• _Exercise_:
Copy out once more, exactly, the line with "Veneza Motel - fachada" and all the lines after it, up to the last line of the data.

• _Recorded data_:
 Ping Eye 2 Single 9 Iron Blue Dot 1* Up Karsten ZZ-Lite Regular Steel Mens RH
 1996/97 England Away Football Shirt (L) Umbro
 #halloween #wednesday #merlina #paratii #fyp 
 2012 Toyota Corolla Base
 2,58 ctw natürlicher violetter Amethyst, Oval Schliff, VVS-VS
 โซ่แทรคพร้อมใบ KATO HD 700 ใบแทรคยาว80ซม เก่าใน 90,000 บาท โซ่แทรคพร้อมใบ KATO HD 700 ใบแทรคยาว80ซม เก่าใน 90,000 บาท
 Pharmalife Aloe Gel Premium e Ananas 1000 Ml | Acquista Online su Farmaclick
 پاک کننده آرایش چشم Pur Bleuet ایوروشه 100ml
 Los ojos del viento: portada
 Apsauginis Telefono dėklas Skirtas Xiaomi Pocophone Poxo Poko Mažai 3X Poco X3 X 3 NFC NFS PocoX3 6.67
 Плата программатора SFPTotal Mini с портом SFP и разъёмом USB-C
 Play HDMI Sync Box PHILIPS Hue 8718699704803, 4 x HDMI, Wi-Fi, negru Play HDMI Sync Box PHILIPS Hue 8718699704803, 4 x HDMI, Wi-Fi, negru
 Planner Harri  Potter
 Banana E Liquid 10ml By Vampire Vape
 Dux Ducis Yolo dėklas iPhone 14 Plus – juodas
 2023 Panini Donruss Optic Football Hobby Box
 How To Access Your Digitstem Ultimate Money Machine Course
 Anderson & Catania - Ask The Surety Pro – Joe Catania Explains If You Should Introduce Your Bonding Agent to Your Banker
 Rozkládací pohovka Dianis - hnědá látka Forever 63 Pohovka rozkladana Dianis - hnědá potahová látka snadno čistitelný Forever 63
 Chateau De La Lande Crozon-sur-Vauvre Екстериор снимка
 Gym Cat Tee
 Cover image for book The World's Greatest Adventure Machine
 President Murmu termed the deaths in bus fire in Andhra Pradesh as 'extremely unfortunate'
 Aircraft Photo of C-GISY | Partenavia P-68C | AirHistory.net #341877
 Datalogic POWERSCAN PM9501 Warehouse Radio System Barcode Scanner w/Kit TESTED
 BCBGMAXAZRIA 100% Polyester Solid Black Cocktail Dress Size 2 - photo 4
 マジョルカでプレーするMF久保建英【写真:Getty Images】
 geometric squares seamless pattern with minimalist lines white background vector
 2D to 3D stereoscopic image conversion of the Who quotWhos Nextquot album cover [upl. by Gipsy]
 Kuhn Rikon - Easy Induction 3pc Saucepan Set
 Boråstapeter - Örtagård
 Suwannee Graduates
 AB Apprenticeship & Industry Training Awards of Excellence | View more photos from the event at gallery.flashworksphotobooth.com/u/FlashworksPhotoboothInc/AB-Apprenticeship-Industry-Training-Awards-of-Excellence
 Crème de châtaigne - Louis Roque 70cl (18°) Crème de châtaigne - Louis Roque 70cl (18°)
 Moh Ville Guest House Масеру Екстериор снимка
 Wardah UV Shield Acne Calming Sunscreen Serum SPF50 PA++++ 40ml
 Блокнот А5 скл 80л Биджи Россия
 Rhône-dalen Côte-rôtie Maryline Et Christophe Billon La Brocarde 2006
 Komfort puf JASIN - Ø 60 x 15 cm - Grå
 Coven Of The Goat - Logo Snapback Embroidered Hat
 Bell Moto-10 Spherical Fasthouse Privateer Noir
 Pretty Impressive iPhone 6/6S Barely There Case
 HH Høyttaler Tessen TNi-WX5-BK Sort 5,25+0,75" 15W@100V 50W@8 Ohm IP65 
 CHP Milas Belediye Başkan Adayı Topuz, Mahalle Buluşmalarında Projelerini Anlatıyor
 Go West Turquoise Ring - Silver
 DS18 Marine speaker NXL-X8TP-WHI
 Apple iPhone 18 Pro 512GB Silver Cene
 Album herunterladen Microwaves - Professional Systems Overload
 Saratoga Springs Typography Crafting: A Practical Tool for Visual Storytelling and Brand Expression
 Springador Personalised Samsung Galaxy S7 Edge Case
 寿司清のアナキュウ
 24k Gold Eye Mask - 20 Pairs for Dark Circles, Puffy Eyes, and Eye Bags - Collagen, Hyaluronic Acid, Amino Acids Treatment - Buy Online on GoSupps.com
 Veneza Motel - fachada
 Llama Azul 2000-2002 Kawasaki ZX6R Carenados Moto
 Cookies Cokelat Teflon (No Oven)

• _Finished task_:
 Veneza Motel - fachada
 Llama Azul 2000-2002 Kawasaki ZX6R Carenados Moto
 Cookies Cokelat Teflon (No Oven)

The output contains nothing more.